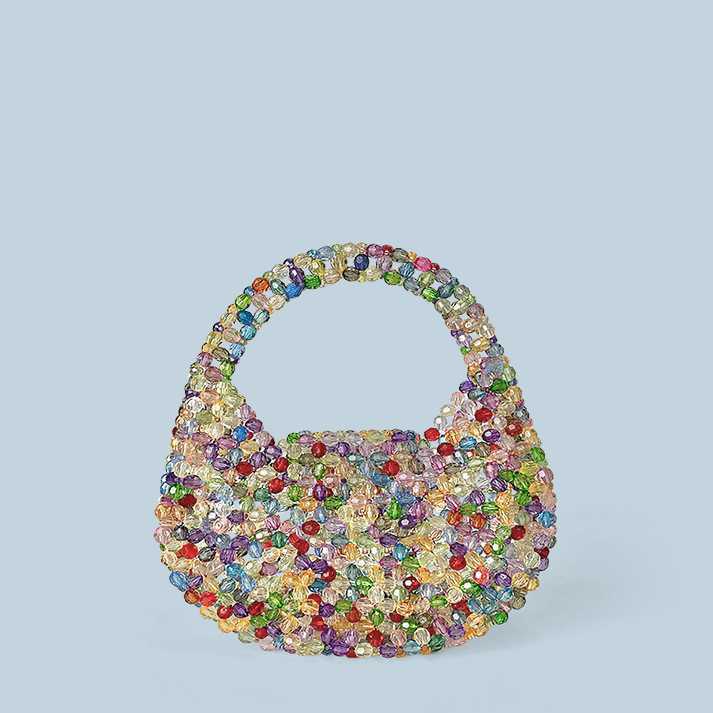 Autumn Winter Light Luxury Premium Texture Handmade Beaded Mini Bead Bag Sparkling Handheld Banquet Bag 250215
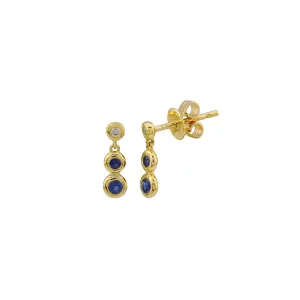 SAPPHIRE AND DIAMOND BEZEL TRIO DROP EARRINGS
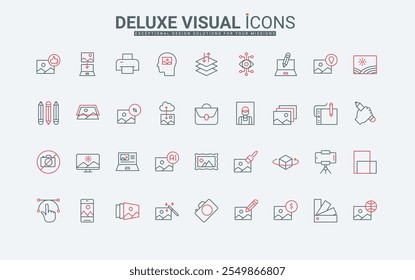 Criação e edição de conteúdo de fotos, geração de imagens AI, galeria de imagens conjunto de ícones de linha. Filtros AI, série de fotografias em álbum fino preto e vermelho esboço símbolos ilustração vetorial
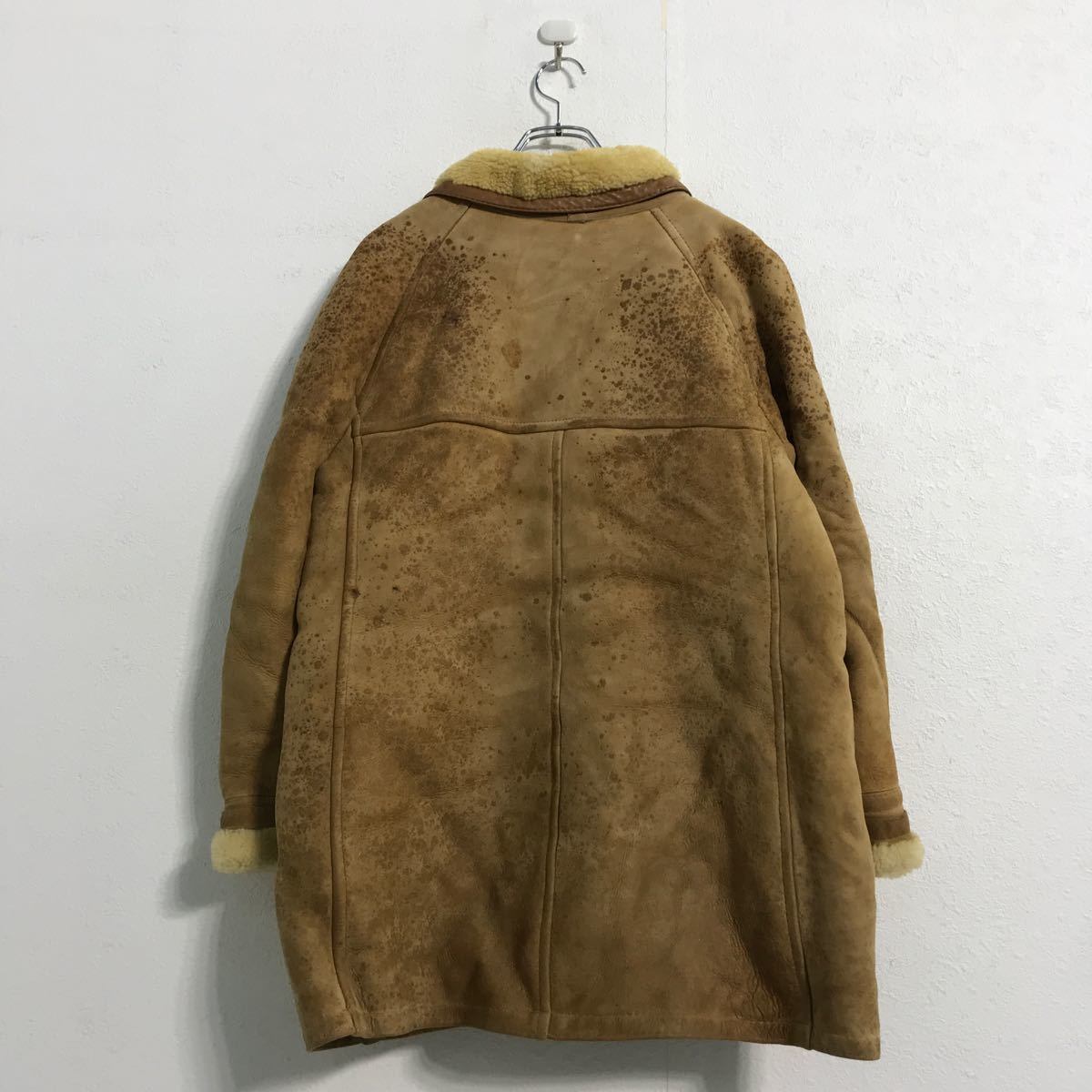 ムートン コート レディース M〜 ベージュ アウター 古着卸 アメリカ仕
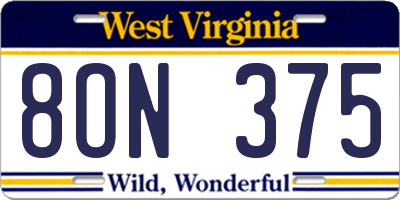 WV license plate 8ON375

________________________

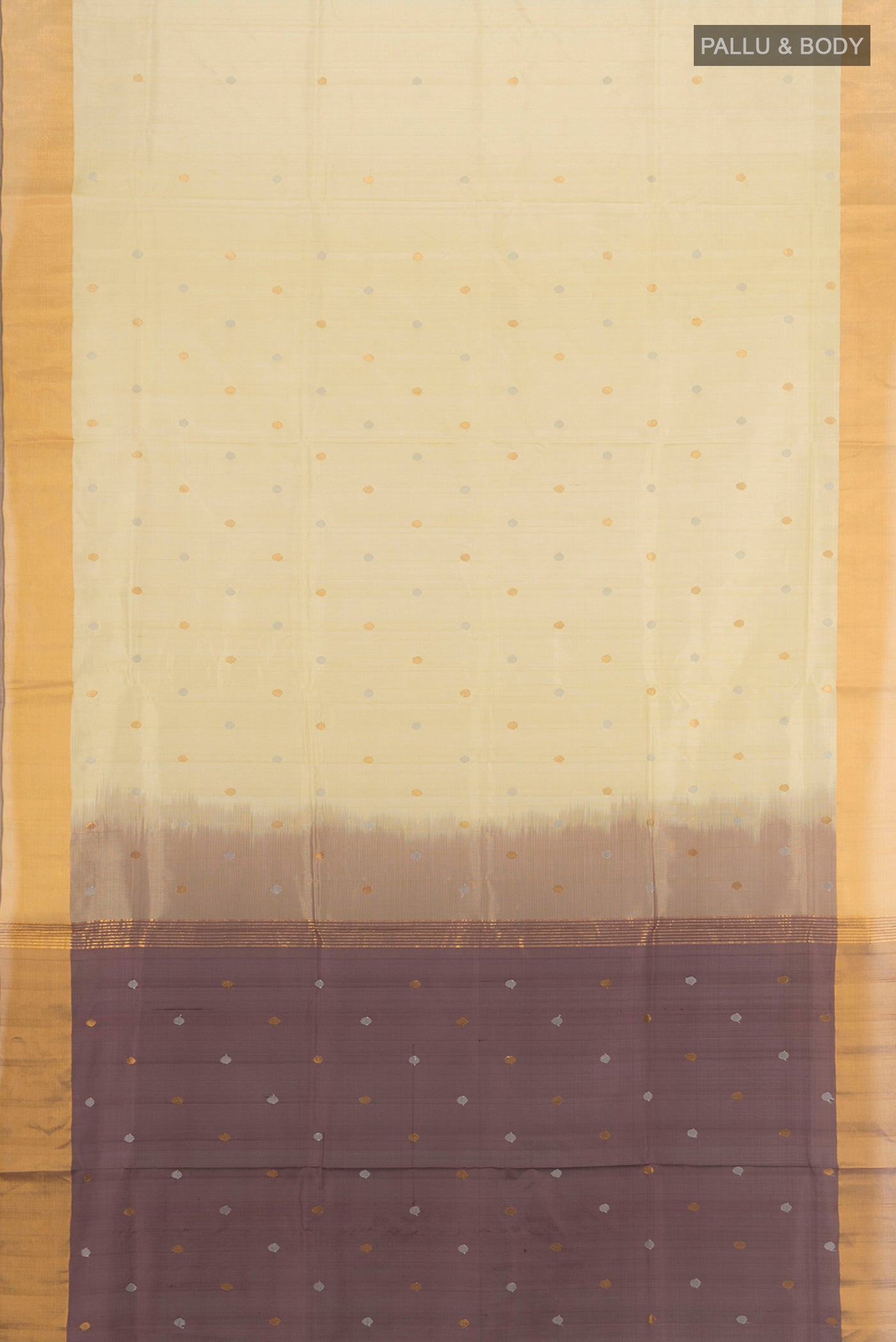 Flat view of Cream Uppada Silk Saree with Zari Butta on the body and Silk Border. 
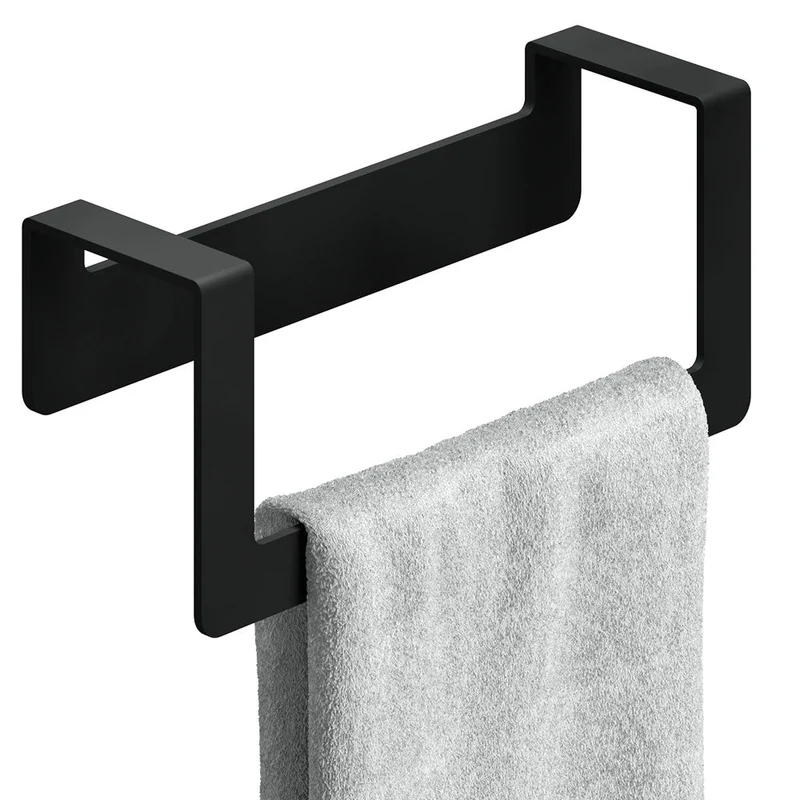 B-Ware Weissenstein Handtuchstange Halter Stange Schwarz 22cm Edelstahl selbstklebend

________________________

WHAT NEEDS TO BE DONE: What's needed is an exact copy of the lines above from the one with "Autumn Winter Light" through the one with "WV license plate 8ON375", both included; the pictures stay out.

ANSWER TO THIS TASK:
 Autumn Winter Light Luxury Premium Texture Handmade Beaded Mini Bead Bag Sparkling Handheld Banquet Bag 250215
 SAPPHIRE AND DIAMOND BEZEL TRIO DROP EARRINGS
 Criação e edição de conteúdo de fotos, geração de imagens AI, galeria de imagens conjunto de ícones de linha. Filtros AI, série de fotografias em álbum fino preto e vermelho esboço símbolos ilustração vetorial
 ムートン コート レディース M〜 ベージュ アウター 古着卸 アメリカ仕
 WV license plate 8ON375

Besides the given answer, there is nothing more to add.